Quando foram marcados os primeiros julgamentos da lei, no início deste mês de novembro, o site www.aavaz.org, que promove mobilizações pela rede mundial de computadores, pediu a participação dos brasileiros para pressionar os juízes do STF em prol da nova legislação. O resultado foi que, em poucos dias, quase 96 mil pessoas entraram no site da ONG e assinaram um documento, enviado aos juízes do STF, no qual pediam a declaração da constitucionalidade da nova lei. Com isso, a corte acabou adiando sua decisão.

Com certeza, a Lei da Ficha Limpa ainda enfrentará alguns percalços até ser declarada plenamente constitucional – o que deve ocorrer apesar dos seus poderosos opositores. No entanto, quem viu a luta para sua aprovação, contra todos os prognósticos, sabe quem os brasileiros não se intimidarão com as dificuldades. Quando foi apresentado o projeto à Câmara, um deputado afirmou a Chico Whitaker, um dos principais líderes do MCCE, que era mais fácil um boi voar do que a proposta ser aprovada. No caso, o boi voou e a proposta foi aprovada com louvor. A expectativa popular é que isso continue ocorrendo. Imaginamos que os ministros do STF não se atreverão a jogar no lixo uma lei apresentada por 1,3 milhão de brasileiros e aprovada por outros 2 milhões na rede mundial.

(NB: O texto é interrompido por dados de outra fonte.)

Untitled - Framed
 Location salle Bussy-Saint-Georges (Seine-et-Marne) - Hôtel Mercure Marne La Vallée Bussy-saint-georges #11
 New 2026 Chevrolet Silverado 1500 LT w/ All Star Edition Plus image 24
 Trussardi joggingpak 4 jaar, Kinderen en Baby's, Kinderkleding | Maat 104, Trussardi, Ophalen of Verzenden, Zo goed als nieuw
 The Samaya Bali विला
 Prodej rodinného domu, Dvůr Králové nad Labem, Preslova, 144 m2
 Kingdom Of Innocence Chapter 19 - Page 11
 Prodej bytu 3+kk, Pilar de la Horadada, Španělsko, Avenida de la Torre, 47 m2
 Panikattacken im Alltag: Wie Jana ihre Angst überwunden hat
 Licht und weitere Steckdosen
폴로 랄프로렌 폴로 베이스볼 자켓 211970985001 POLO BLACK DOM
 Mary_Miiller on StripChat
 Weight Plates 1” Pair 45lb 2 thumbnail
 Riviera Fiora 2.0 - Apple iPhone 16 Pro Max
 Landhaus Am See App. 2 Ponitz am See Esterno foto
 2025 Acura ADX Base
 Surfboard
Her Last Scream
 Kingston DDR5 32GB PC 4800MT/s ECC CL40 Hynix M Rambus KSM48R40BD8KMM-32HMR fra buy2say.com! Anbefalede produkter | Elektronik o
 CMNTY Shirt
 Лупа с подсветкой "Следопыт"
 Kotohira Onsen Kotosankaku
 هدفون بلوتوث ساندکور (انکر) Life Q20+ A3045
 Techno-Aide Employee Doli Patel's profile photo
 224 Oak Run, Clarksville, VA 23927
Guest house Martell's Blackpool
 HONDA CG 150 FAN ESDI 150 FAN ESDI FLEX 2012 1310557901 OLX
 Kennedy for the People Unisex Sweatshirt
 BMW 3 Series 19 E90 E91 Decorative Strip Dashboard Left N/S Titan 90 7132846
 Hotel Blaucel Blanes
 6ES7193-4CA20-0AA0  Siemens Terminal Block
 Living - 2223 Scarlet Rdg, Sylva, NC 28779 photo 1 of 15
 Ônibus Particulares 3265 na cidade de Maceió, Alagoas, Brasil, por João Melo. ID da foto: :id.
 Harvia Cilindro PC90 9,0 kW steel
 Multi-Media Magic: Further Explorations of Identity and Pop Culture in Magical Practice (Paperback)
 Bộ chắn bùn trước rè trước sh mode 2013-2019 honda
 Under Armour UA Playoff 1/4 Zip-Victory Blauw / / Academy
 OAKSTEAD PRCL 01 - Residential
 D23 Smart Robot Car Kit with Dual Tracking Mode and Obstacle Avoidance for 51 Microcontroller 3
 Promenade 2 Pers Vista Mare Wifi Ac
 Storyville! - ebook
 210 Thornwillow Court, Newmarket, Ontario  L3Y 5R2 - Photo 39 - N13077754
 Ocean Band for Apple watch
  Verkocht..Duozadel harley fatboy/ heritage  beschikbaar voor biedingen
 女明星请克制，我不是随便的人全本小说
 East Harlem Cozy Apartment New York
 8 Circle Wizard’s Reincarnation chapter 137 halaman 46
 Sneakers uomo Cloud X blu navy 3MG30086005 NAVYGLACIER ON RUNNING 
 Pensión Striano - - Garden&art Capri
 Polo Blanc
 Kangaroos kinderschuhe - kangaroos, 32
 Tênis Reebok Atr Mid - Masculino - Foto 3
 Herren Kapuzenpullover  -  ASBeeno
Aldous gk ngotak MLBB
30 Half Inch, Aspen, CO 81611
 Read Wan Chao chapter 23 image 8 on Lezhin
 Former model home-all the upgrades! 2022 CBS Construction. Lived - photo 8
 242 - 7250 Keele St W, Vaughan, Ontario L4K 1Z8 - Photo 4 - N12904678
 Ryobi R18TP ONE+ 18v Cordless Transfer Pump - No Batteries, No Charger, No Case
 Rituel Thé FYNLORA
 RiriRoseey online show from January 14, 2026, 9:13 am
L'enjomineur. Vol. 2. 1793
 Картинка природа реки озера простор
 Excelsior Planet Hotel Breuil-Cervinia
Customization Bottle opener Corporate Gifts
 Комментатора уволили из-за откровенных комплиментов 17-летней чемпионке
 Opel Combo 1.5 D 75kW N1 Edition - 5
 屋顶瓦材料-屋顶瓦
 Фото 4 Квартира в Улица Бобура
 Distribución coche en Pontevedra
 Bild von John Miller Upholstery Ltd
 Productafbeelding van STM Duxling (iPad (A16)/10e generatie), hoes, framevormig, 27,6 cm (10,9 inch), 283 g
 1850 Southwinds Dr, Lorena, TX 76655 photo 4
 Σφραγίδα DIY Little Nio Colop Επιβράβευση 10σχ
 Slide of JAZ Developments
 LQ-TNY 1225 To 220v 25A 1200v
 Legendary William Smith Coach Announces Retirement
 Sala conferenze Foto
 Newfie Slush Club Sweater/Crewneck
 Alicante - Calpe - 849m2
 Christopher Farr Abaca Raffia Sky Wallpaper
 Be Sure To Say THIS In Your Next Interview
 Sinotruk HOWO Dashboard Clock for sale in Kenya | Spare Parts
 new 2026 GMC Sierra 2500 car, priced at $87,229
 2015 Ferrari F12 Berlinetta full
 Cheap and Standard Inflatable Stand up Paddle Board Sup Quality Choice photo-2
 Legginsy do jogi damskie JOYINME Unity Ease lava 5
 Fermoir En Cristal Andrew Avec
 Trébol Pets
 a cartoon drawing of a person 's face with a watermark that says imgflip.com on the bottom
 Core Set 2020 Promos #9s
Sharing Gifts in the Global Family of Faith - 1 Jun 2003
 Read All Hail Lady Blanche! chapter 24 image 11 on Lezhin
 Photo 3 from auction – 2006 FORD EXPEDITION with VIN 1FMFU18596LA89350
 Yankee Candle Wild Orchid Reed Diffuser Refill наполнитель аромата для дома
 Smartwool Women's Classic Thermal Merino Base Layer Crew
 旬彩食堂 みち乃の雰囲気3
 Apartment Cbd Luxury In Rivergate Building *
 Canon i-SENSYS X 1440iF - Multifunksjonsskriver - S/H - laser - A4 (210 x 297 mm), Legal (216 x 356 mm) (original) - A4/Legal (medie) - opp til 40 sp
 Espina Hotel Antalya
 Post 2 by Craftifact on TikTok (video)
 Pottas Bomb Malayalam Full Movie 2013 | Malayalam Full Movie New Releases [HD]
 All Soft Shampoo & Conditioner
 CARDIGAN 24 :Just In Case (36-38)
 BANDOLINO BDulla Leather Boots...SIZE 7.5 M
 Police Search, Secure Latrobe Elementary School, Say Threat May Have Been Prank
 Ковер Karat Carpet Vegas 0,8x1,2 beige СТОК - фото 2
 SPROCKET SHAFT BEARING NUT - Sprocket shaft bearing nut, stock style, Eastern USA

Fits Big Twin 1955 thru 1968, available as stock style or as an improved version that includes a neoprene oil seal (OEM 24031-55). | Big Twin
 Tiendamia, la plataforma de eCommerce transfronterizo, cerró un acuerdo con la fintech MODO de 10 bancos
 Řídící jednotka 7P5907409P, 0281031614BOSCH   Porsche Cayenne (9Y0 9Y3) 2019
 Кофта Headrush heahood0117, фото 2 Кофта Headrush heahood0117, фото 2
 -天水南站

Seria, se ocorresse, um enorme retrocesso para a causa da moralização da política no Brasil e produziria efeitos nefastos à vontade popular por mudanças nessa área tão sensível.A Lei da Ficha Limpa, afinal, foi fruto de uma legislação que prevê a iniciativa popular, ou seja, que o povo pode participar efetivamente do processo legislativo ao apresentar leis, com  assinatura de 1% dos eleitores (cerca de 1,3 milhão de pessoas), que o Congresso tem obrigação constitucional de acatar e fazer tramitar em regime de urgência.


*Moacir Assunção é jornalista, professor universitário da Universidade São Judas Tadeu (USJT) e autor, junto com o advogado Marcondes Pereira Assunção, do livro Ficha Limpa – a lei da cidadania – manual para brasileiros conscientes, lançado em dezembro de 2010 pela Editora Realejo.  Como repórter político, foi um dos jornalistas brasileiros que mais escreveu sobre a Lei da Ficha Limpa.